[Excerpts from a dataset]
++++++++++++++++++++
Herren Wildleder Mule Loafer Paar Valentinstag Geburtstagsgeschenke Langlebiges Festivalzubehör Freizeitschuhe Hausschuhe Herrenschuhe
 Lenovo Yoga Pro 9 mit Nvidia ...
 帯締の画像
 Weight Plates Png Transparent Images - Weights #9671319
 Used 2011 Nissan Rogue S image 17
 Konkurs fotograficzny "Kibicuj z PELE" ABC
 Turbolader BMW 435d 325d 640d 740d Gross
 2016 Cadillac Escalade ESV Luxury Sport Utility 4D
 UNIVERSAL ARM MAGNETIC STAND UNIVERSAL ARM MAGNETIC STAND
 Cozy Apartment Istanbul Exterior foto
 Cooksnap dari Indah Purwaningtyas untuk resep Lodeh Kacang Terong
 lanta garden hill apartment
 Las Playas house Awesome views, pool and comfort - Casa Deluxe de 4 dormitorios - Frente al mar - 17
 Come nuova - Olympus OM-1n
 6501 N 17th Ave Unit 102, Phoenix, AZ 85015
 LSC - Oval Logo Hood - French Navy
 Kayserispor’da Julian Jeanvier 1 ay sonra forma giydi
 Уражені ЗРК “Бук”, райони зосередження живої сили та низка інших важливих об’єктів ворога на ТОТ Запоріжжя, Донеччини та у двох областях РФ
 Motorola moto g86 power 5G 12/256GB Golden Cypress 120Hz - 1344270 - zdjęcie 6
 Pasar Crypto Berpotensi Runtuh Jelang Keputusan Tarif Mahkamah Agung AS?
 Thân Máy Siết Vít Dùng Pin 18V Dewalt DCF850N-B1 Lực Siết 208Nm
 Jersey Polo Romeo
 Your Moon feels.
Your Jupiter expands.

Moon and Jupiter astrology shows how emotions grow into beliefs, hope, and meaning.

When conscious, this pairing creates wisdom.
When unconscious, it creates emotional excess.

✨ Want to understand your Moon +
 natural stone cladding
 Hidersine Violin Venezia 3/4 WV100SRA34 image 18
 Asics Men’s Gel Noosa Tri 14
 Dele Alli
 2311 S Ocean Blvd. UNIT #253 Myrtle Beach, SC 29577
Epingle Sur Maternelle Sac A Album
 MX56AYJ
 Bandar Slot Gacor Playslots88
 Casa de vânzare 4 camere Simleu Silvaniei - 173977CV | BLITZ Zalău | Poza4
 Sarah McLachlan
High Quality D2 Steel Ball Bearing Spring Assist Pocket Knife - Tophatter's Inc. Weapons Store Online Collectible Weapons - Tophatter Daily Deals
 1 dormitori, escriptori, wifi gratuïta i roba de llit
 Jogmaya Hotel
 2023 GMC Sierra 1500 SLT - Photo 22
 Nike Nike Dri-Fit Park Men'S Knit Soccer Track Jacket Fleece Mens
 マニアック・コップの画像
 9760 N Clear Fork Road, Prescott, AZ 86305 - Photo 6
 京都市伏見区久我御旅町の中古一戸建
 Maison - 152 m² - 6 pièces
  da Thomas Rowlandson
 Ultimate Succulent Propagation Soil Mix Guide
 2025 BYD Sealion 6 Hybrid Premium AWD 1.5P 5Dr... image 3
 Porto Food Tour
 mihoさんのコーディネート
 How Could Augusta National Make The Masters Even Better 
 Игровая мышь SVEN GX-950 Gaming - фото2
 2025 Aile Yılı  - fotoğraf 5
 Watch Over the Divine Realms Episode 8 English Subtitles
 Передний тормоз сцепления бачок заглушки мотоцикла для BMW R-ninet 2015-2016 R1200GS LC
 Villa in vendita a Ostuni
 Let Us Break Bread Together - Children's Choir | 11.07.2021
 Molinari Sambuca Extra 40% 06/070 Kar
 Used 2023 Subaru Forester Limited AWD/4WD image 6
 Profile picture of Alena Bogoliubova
++++++++++++++++++++
- About this task
Complete, exact output of the records is expected.

- Response area
Herren Wildleder Mule Loafer Paar Valentinstag Geburtstagsgeschenke Langlebiges Festivalzubehör Freizeitschuhe Hausschuhe Herrenschuhe
 Lenovo Yoga Pro 9 mit Nvidia ...
 帯締の画像
 Weight Plates Png Transparent Images - Weights #9671319
 Used 2011 Nissan Rogue S image 17
 Konkurs fotograficzny "Kibicuj z PELE" ABC
 Turbolader BMW 435d 325d 640d 740d Gross
 2016 Cadillac Escalade ESV Luxury Sport Utility 4D
 UNIVERSAL ARM MAGNETIC STAND UNIVERSAL ARM MAGNETIC STAND
 Cozy Apartment Istanbul Exterior foto
 Cooksnap dari Indah Purwaningtyas untuk resep Lodeh Kacang Terong
 lanta garden hill apartment
 Las Playas house Awesome views, pool and comfort - Casa Deluxe de 4 dormitorios - Frente al mar - 17
 Come nuova - Olympus OM-1n
 6501 N 17th Ave Unit 102, Phoenix, AZ 85015
 LSC - Oval Logo Hood - French Navy
 Kayserispor’da Julian Jeanvier 1 ay sonra forma giydi
 Уражені ЗРК “Бук”, райони зосередження живої сили та низка інших важливих об’єктів ворога на ТОТ Запоріжжя, Донеччини та у двох областях РФ
 Motorola moto g86 power 5G 12/256GB Golden Cypress 120Hz - 1344270 - zdjęcie 6
 Pasar Crypto Berpotensi Runtuh Jelang Keputusan Tarif Mahkamah Agung AS?
 Thân Máy Siết Vít Dùng Pin 18V Dewalt DCF850N-B1 Lực Siết 208Nm
 Jersey Polo Romeo
 Your Moon feels.
Your Jupiter expands.

Moon and Jupiter astrology shows how emotions grow into beliefs, hope, and meaning.

When conscious, this pairing creates wisdom.
When unconscious, it creates emotional excess.

✨ Want to understand your Moon +
 natural stone cladding
 Hidersine Violin Venezia 3/4 WV100SRA34 image 18
 Asics Men’s Gel Noosa Tri 14
 Dele Alli
 2311 S Ocean Blvd. UNIT #253 Myrtle Beach, SC 29577
Epingle Sur Maternelle Sac A Album
 MX56AYJ
 Bandar Slot Gacor Playslots88
 Casa de vânzare 4 camere Simleu Silvaniei - 173977CV | BLITZ Zalău | Poza4
 Sarah McLachlan
High Quality D2 Steel Ball Bearing Spring Assist Pocket Knife - Tophatter's Inc. Weapons Store Online Collectible Weapons - Tophatter Daily Deals
 1 dormitori, escriptori, wifi gratuïta i roba de llit
 Jogmaya Hotel
 2023 GMC Sierra 1500 SLT - Photo 22
 Nike Nike Dri-Fit Park Men'S Knit Soccer Track Jacket Fleece Mens
 マニアック・コップの画像
 9760 N Clear Fork Road, Prescott, AZ 86305 - Photo 6
 京都市伏見区久我御旅町の中古一戸建
 Maison - 152 m² - 6 pièces
  da Thomas Rowlandson
 Ultimate Succulent Propagation Soil Mix Guide
 2025 BYD Sealion 6 Hybrid Premium AWD 1.5P 5Dr... image 3
 Porto Food Tour
 mihoさんのコーディネート
 How Could Augusta National Make The Masters Even Better 
 Игровая мышь SVEN GX-950 Gaming - фото2
 2025 Aile Yılı  - fotoğraf 5
 Watch Over the Divine Realms Episode 8 English Subtitles
 Передний тормоз сцепления бачок заглушки мотоцикла для BMW R-ninet 2015-2016 R1200GS LC
 Villa in vendita a Ostuni
 Let Us Break Bread Together - Children's Choir | 11.07.2021
 Molinari Sambuca Extra 40% 06/070 Kar
 Used 2023 Subaru Forester Limited AWD/4WD image 6
 Profile picture of Alena Bogoliubova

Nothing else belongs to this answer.